I really enjoy Cruzan Limited Reserve Single Barrell. It is smooth, with a nice spicy kick.


----------



## terrasco-cl (Mar 4, 2007)

I am certainly a novice when it comes to rum but I became addicted to Appleton in Jamaica.


----------



## mrgatorman (Mar 23, 2007)

Sailor Jerry....nuff said.


----------



## rmrdaddy (Apr 30, 2007)

Appleton's Estate, 10 Cane for the delicate drinks, (mojito's anyone? ?)...

But no one mentioned...

HC7????


----------



## WOXOF (Apr 21, 2007)

What's wrong with Baccardi? <WOXOF ducks as sarge tries to backhand him> Just kidding


----------



## mrgatorman (Mar 23, 2007)

nuttin...makes great jello shots...


----------



## xavier_chino (Apr 19, 2007)

Ah Rums my other love.

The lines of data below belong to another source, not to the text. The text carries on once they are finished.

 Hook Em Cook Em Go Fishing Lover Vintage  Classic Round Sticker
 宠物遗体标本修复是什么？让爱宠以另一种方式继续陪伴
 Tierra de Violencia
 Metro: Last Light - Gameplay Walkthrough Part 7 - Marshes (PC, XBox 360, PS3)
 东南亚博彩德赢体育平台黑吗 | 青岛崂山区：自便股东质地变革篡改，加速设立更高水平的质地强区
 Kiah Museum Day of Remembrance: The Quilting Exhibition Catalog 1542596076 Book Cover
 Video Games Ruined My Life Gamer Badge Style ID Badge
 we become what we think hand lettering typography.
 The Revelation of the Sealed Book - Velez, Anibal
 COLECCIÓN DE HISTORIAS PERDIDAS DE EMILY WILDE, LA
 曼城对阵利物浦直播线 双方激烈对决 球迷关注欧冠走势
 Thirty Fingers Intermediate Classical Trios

But I'm a Havana Club lover. I bought like 5 bottle when I went on a cruz in december. I have 2 left. And dark rum I love Black Seal. Been meaning to try 10 cane.


----------



## tekeeladude-cl (Mar 13, 2007)

cigarsarge said:


> If you like Mojitos you have to try 10 Cane. It is my favorite light rum.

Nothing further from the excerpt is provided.